Another, desperate slam made stars flicker in Walker’s vision—and then Mason went limp, his hand relaxed and Walker fell to the floor. Eisenstein didn’t let up. “You can—let go—”

“Are you crazy? Check his pulse, you goddamn idiot!”

“Oh ... right.” He reached for the right hand, realized that a metal arm wouldn’t have a pulse, and reached for the other. Catching sight of Mason’s face, he didn’t think there was much chance he was breathing, but… “No pulse. He’s good. Keys?”

“Coat pocket.”

“And his arm?” He began searching as Eisenstein let Mason slump to the floor. He suddenly realized he’d strapped the gas gun onto his wrist but he’d been too angry to think of it.

“Ripped off by the Vodyanoi. Replaced with a robot limb.” Eisenstein managed a smile. “You saved my life, Elegy Walker. Like a knight of the Round Table—” He froze with his fingers on the keys, knowing his face was turning scarlet. “Is Lancelot Galahad Walker so horrible a name?”

“Don’t know where my mother got the idea from, but where I grew up, she might as well have stamped ‘sissy’ on the birth certificate.” He fished the keys out and unlocked her. “How the hell did you know?”

“I turned up lots of information hunting the traitors.” Massaging her wrists, she went over to what he realized was her uniform jacket in the corner. “That is the real reason I am here in the goddamn heat.”

“And you’re a colonel? I didn’t think Russia had women colonels.”

“It was not easy, even for a war hero.” She buttoned up her shirt, pulled out her pipe, lighter and tobacco pouch and started for the stairs. “It’s why I like you, we both know what it takes to climb above our ‘station.’ You have a car?”

“It’s a ways to walk, but yes.

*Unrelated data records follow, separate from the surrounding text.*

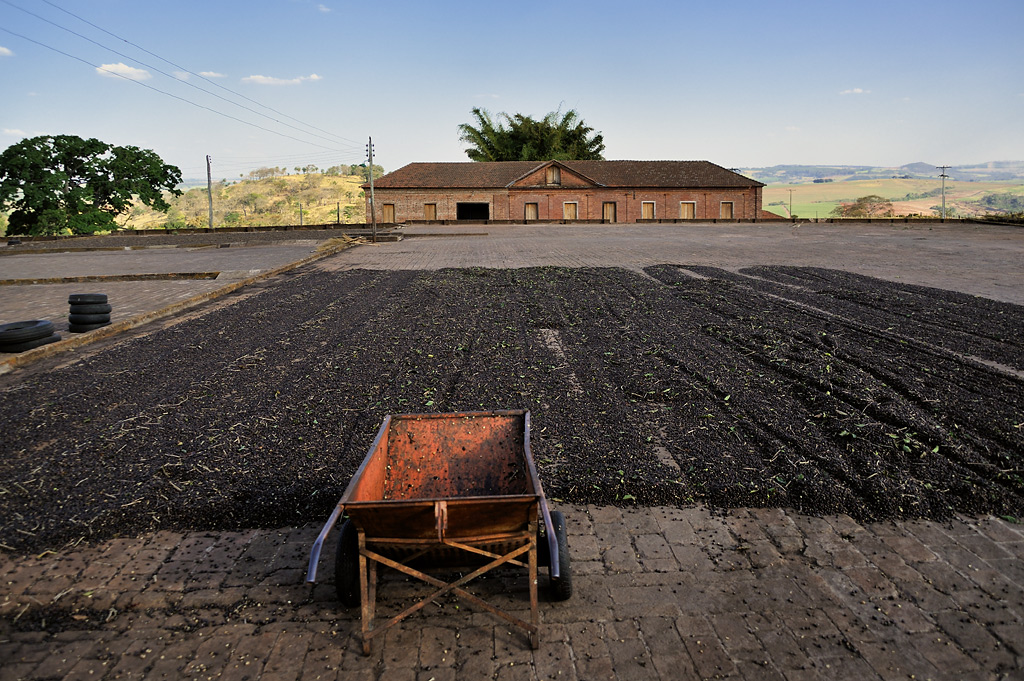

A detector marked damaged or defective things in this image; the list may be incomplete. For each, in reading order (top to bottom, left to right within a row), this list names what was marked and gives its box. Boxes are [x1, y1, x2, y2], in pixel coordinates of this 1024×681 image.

rusty metal wheelbarrow tray [305, 409, 561, 655]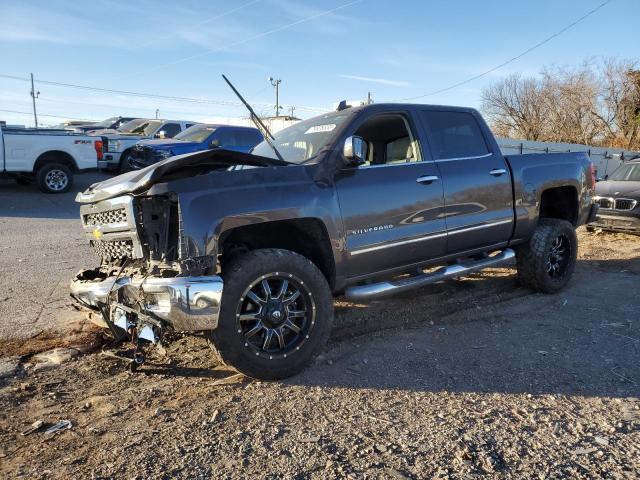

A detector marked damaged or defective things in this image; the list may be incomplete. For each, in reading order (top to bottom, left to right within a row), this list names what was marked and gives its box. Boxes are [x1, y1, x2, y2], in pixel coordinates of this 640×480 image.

crumpled front end [69, 193, 222, 336]
bent bumper [70, 272, 224, 332]
damaged chevrolet silverado [69, 102, 596, 378]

And it’s a police car, we can call someone on the radio.”

“Good.” She walked over to the machines, turned them off and removed a couple of parts. “These will cause one of the experimental gravity generators to reverse itself at liftoff: Everything within a mile radius, including the deputy premier and the other watchers, will be hurled a thousand feet in the air, for a second or two then—”

“I get it.” Yeah, no problem getting through security that way. “What about Ford and—”

“One call and I can have most of them arrested.” She shook her head. “I delayed too long, hoping to take all their agents in one swoop, not knowing they were watching me, too. So, why didn’t you accept his offer?”

“Honest to God, I’m not sure.” He lifted up the trapdoor and let her out. “I guess…I never really thought about it before, but…he was wrong, I don’t want respect. I want to deserve respect. And it’s not the same.” And I ever see Sheriff Colby again, it ain’t gonna be with some goddamn fake face he won’t recognize. He’s gonna know he was wrong about me. They all are!

“Never do anything you wouldn’t want printed on the front page of the New York Times. ” She stroked her pipe but didn’t fill it. “You realize your work here may never be acknowledged? My government would prefer that the October Guard be dealt with quietly.”

“Doesn’t matter.” He looked up at the moon, brushing the tops of the mangroves. When Shepard I lands on the moon, it’s going to be because of me and Eisenstein. That’s a pretty fine thing to be able to say. Even if no-one ever knows.

As they walked away from Chernobog, L.G. Walker smiled.